Voice only couldn’t satiate her musical desires. She picked up the guitar at eighteen, seeing it as the means to an end, a song writing tool that she could use to communicate ideas to other people. Presently, she’s having a reignited infatuation with the guitar. “Now I get it. Now I can start to understand how the voice and the guitar can move together,” she says. She innately always attempts to find a melody, comparing the process to having a metal detector always chasing valuable relics. Sometimes a melody is something she just stumbles upon, “like treasure on a beach,” but usually, “you have to get your metal detector out.” Either way, Haynes fills up rooms with sound. It’s the kind of thing she makes you feel, before you hear it. Vocally and instrumentally, she subverts sound without any obligation to parameters. When it comes to her music, something is always at the cusp of happening, most likely provoked by an appreciation for far-reaching musical legacies.

“So much of all of our music is a cultural exchange,” she says in regards to her time as World Music Director at KSCL 91.3 Shreveport. It allowed her to have an extensive lexicon from which to create a story: “Our experiences are sometimes bigger than what we’ve been born into.” When we don’t have the tools for expression, borrowing and weaving from other contexts becomes a necessity. “Let’s get a Latin beat, put some fuzz on it, and the story is a retelling of David and Bathsheba, but the woman gets to win,” says Haynes off the cuff, referring to some of her composing process. Casually, she’ll name drop obscure music artists like Robi Draco Rosa from Puerto Rico and Los York’s from Peru. Her music knowledge is as impressive as her poise, each particular and mindful.

Though a formidable performer, Haynes values the sweat-based work that happens behind the curtain. “People think they want success, but they don’t want to see the sausage factory of success. For me that’s the most fascinating part,” she says, commenting on the process as being more tangible than the result. The magic on stage is only possible because of the grueling labor behind the scenes, which makes the performance more meaningful. She believes that music performances are about remaining present and living in the moment of sound exchange: “A moment is there, then it’s gone.” She takes cues from artists like Sam Cooke, who would have a pristine studio version of his tracks, but then after hearing his Live at Harlem Square you’re left asking: “What just happened?” It’s her job and goal to play around with time and space, something a smartphone will never capture, so she prefers memories to pixels. “There is a world that comes together in each song. And I’m able to interpret those in different ways. I definitely go into a trance state,” says Haynes.

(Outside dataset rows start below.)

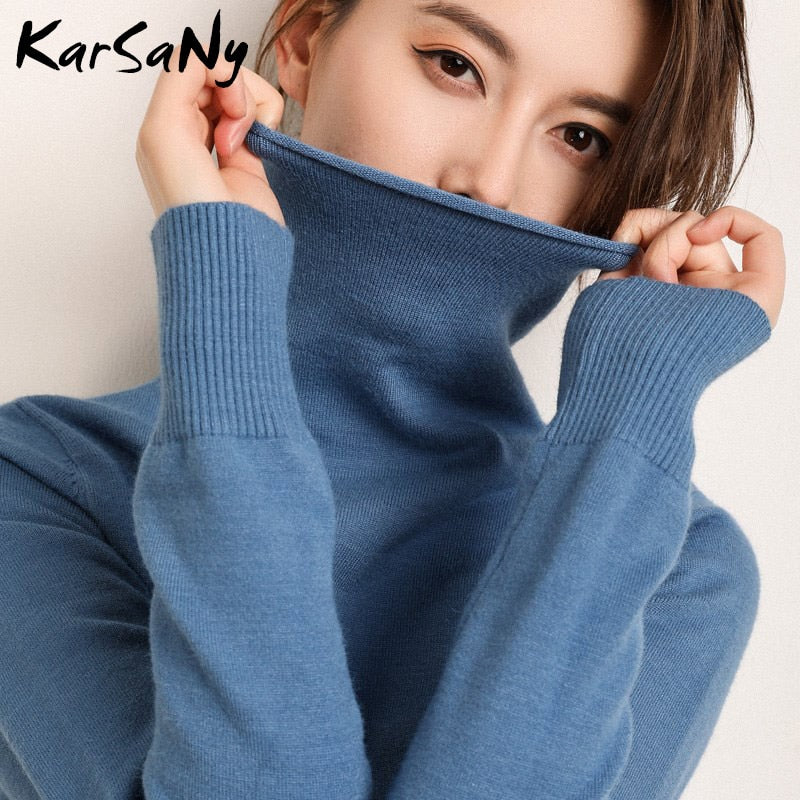 Winter Cashmere Sweater Women Wool Pullover Women's White Cashmere Turtleneck Sweater Pullover Soft Winter For Woman Sweaters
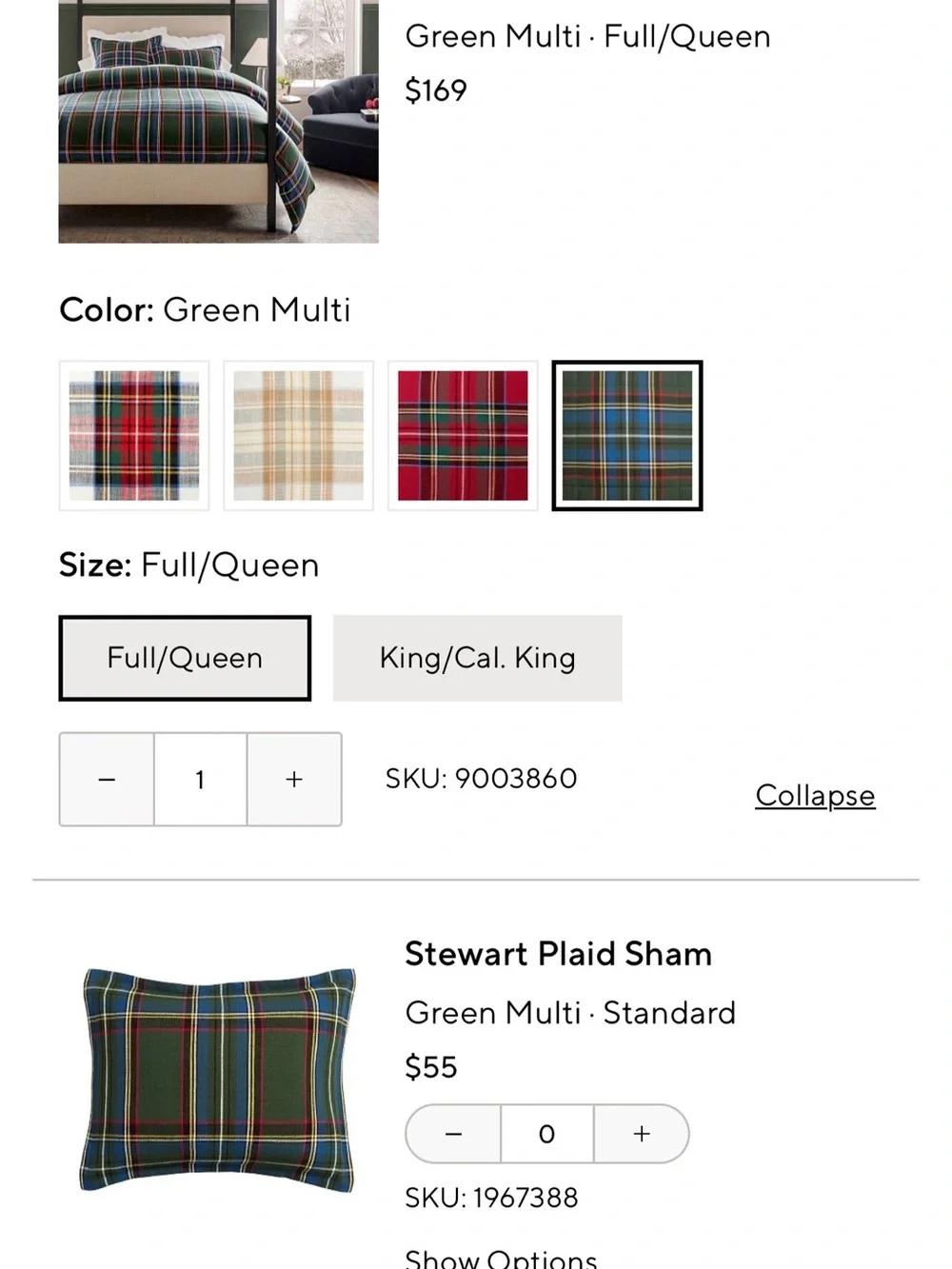 Pottery Barn Green Plaid Tartan Duvet Cover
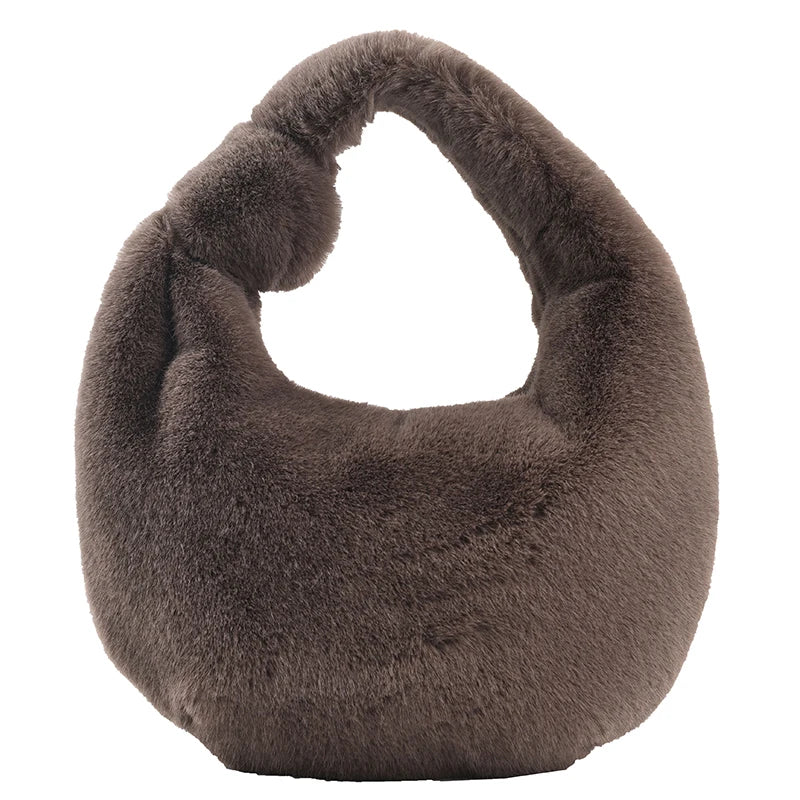 Soft Plush Women's Handbag Half Moon Handle Bag Phone Purse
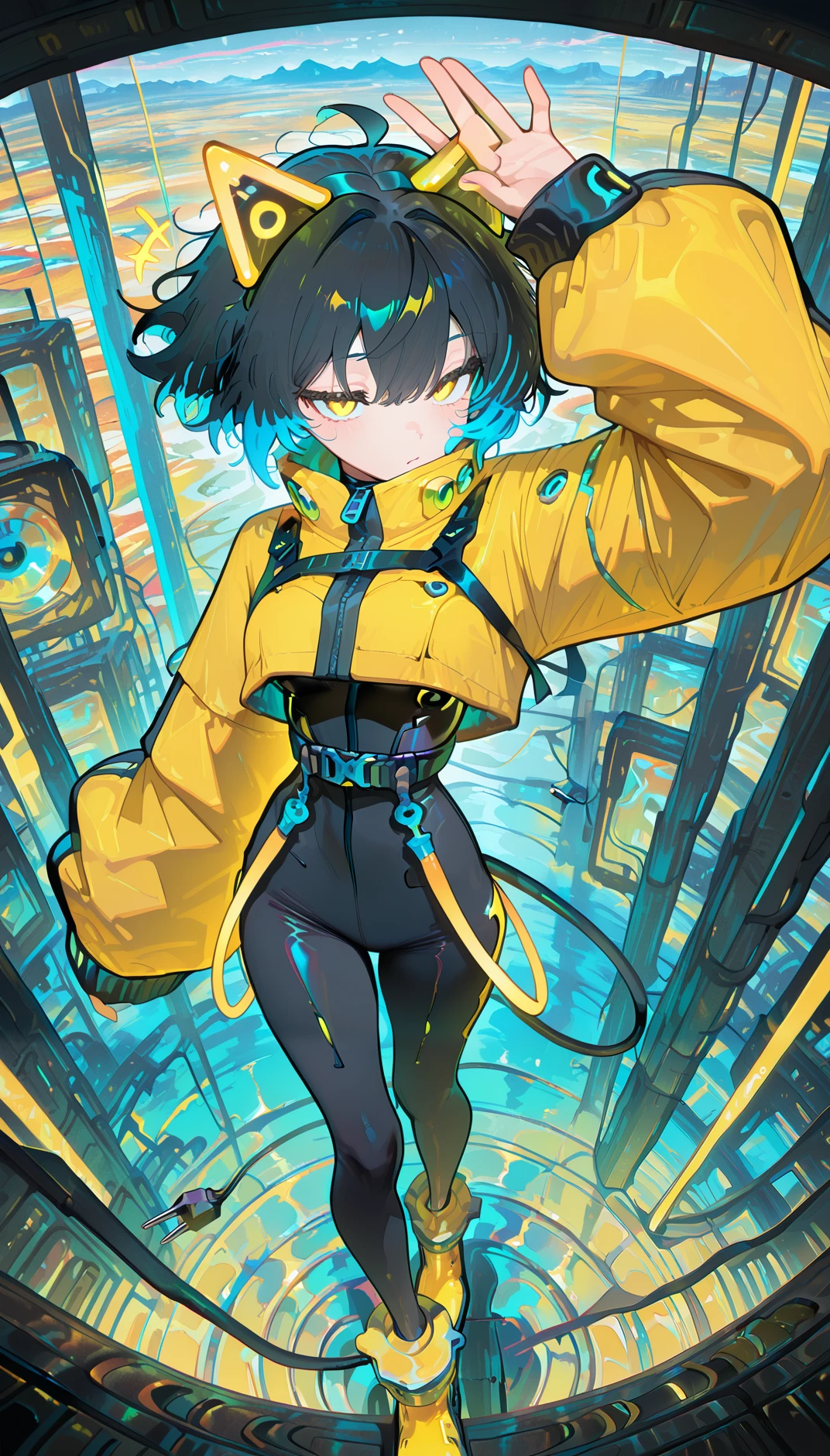 masterpiece, best quality, amazing quality, very aesthetic, absurdres, newest, scenery,
, +++, notice lines, !, Mimicking shooting an arrow, upper body, from above, electrocat, 1girl,
black hair, short hair,blue ahoge, multicolored hair, yellow highlights, blue highlights,
cat ears, cyber ears, glowing accents, yellow eyes,
yellow jacket, oversized sleeves, cropped jacket,
black , skin-tight, high-waist belt, utility straps, harness,
futuristic boots, yellow boots, black and yellow shoes, ankle cuffs,
electric plug tail,
dynamic poses, ,
simple background, , animated, dynamic angle, close-up,portrait, fisheye lens, detailed face,colorful, close-up, masterpiece, best quality, amazing quality, very aesthetic, absurdres, newest, scenery, volumetric lighting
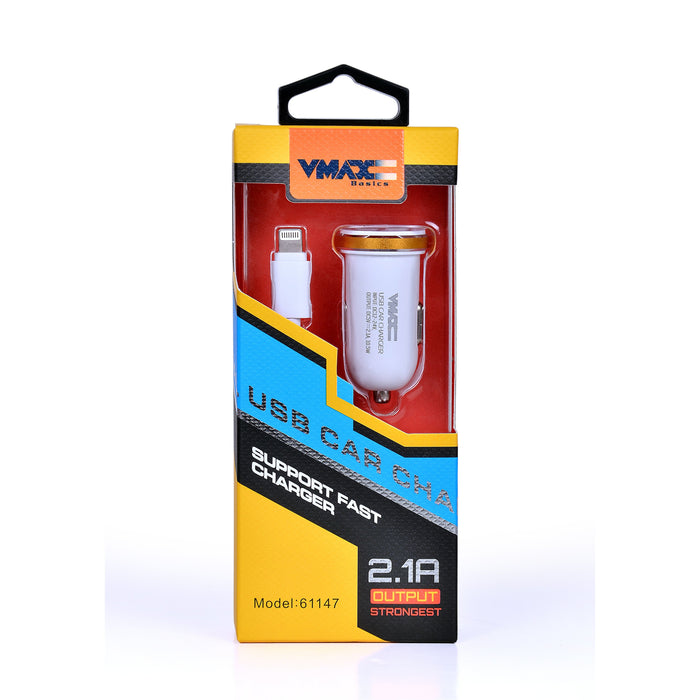 V-MAX CAR CHARGER 2.1A 2-PORT USB PORT WITH LIGHTNING CABLE-.-V-MAX-brands-world.ca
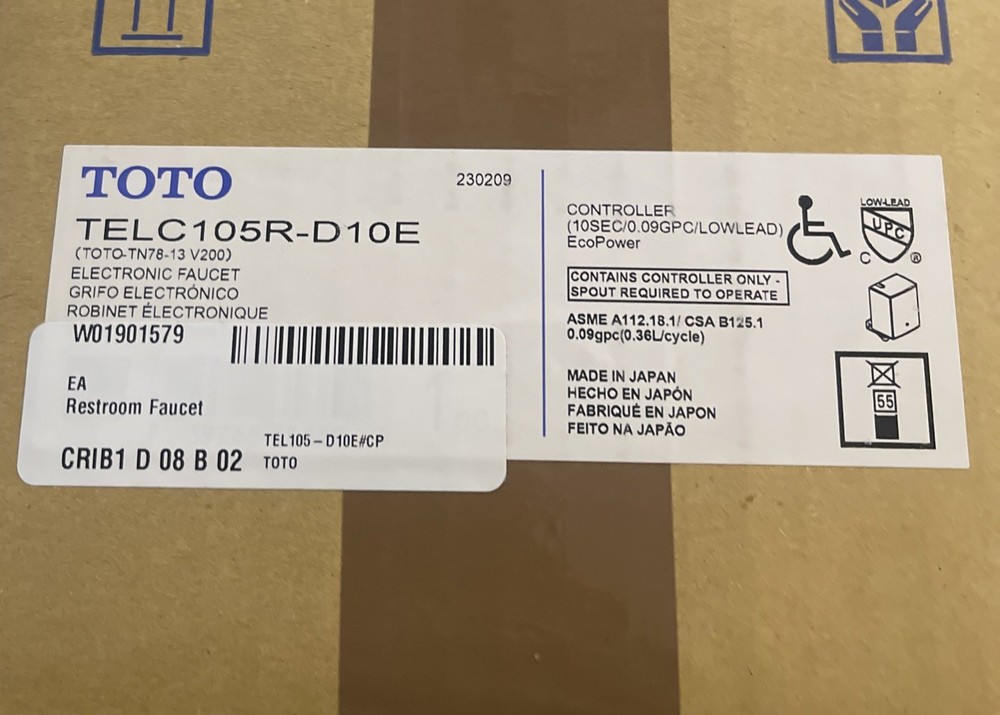 Toto TELC105R-D10E Automatic Faucet Controller EcoPower 10 sec. .09 GPC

The band is currently working on their second LP, which is a major shift from their first album Get Gone (2016), described as “raw energy-driven punk sounds and soul, with an occasional jazz swing.” The new album concerns itself with the creation of intimate spaces. Intentionally veering from her usually powerful vocals, she strives to capture the sound of singing in someone’s ear. She explores her power as a woman and what that means in each track, finding it empowering to play with her own power. It’s a form of living with the pent-up rage of time and experience, all while telling her story in an unapologetically honest way. “This record is about soul power,” she says, “It’s not always the showy singing that pulls what the story is,” which refers to the restraint she found so powerful in jazz vocalists.

AJ Haynes’ cool, calm demeanor definitely has a lot of bite. The teeth come out in her passion for keeping her songs alive by finding new ways to interpret them on stage. It can be heard with each strum of her guitar and each powerful vocal belt. It can be felt in her profound fixed stare. One track at a time, Haynes creates a little bit of mystery, intrigue and danger that contains the capacity to reach the back wall of any space she occupies—a space that starts with earth and ends in the ether.